Suara.com - Meski Puan Maharani menjadi Ketua DPR RI perempuan pertama dalam sejarah parlemen Indonesia, dalam kepemimpinannya selama periode 2019-2024 lalu, ia dinilai belum mendorong pemberdayaan perempuan serta sikap women support women di dalam parlemen.
Hal itu terlihat dari angka keterwakilan perempuan sebagai pimpinan Alat Kelengkapan Dewan (AKD) di DPR yang masih rendah, bahkan jomplang dengan keterwakilan laki-laki.
Berdasarkan data Kementerian Pemberdayaan Perempuan dan Perlindungan Anak (KPPPA), keterwakilan perempuan pada posisi pimpinan AKD pada periode 2019-2024 hanya 12,5 persen atau 11 dari total 87 orang pimpinan AKD.
Adapun apabila dilihat dari prosentasenya, masih banyak posisi kepemimpinan perempuan yang kosong di AKD DPR RI. Di antaranya, Mahkamah Kehormatan Dewan (MKD), Badan Legislasi (Baleg), Badan Anggaran (Banggar), dan Badan Kerjasama Antar Parlemen (BKSAP).
Baca Juga: Cuma Mendominasi di 'Komisi Feminim'? Penempatan Anggota DPR Perempuan Dinilai Belum Strategis
Posisi kepemimpinan perempuan tercatay hanya ada di Badan Musyawarah (BAMUS), Badan Urusan Rumah Tangga (BURT) dan Badan Akuntabilitas Keuangan Negara (BAKN).
Sementara itu, berdasarkan sebaran partai politik, masih terdapat tiga partai politik yang tidak memiliki perempuan sebagai anggota kelengkapan dewan yaitu Partai Demokrat, Partai Amanat Rakyat (PAN), dan Partai Persatuan Pembangunan (PPP).
Plt Deputi Bidang Kesetaraan Gender Kemen PPPA Rini Handayani mengatakan, epemimpinan perempuan dalam AKD sangat penting karena posisi tersebut memegang fungsi strategis untuk mendorong proses legislasi yang mewujudkan keadilan gender.
"AKD yang akan menentukan agenda legislatif, mengatur jalannya sidang, dan terlibat dalam pengambilan keputusan terkait pasal dalam substansi undang-undang. Oleh karenanya, penempatan perempuan dalam AKD menjadi penting agar dapat mendorong proses legislasi yang bisa mendorong keadilan gender," kata Rini pada acara Media Talk KPPPA di Jakarta, Kamis (18/10/2024).

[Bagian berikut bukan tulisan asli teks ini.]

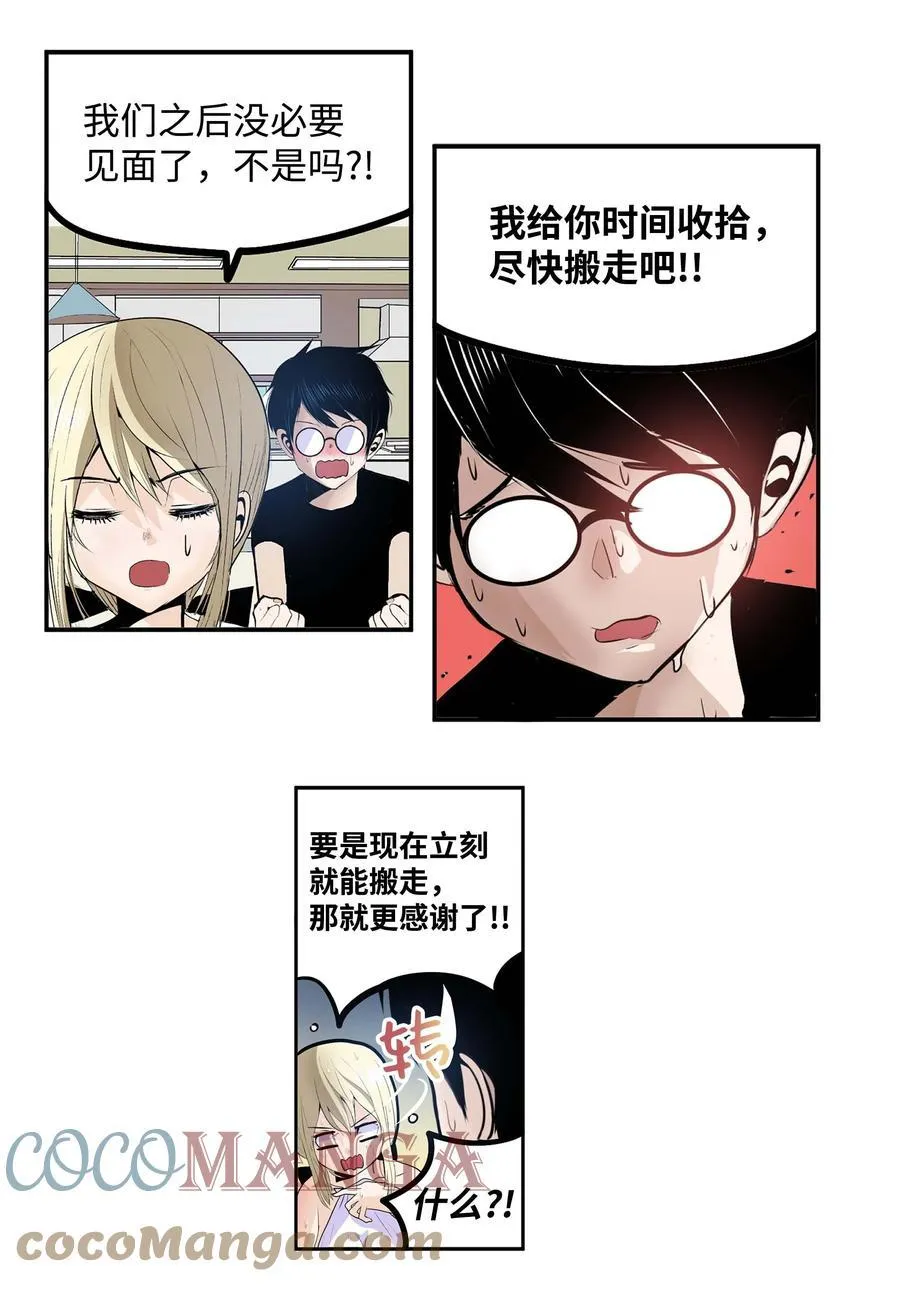 056 搬出去！ 第13页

Sementara itu, pakar hukum tatanegara Universitas Indonesia Titi Anggraini menambahkan, kepemimpinan perempuan memang tidak serta mereka akan berpihak kepada perempuan. Karena bagaimana pun, Ketua DPR tersebut tetap petugas partai.
Sehingga, keputusannya di dalam parlemen juga dipengaruhi banyak faktor. Salah satunya sikap partai politiknya sendiri.

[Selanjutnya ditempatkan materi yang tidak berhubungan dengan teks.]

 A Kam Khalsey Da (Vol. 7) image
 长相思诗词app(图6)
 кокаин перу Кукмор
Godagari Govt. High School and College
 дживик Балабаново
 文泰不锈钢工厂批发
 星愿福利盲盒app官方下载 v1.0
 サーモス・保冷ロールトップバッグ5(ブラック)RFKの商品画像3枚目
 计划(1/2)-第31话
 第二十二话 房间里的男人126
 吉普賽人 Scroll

Baca Juga: Keterwakilan Perempuan di Bakal Kabinet Kurang dari 20 Persen, Pakar: Sangat Disayangkan
"Kepemimpinan perempuan itu tidak bisa taken for granted, karena kehadiran perempuan di politik bisa dipengaruhi oleh banyak faktor, politik dinasti, lalu kemudian juga akses kepada elit," tuturnya.
Menurut Titi, perlu dibentuk paradigma yang berpihak dan memberikan dukungan terhadap kepentingan perempuan. Harus ada ekosistem yang memastikan bahwa keterwakilan perempuan berdampak juga pada kepentingan dan pemenuhan hak-hak perempuan.
"Apa yang terjadi pada kepemimpinan yang lalu dengan segala pekerjaan rumah, itu harus selalu diingatkan," kata Titi.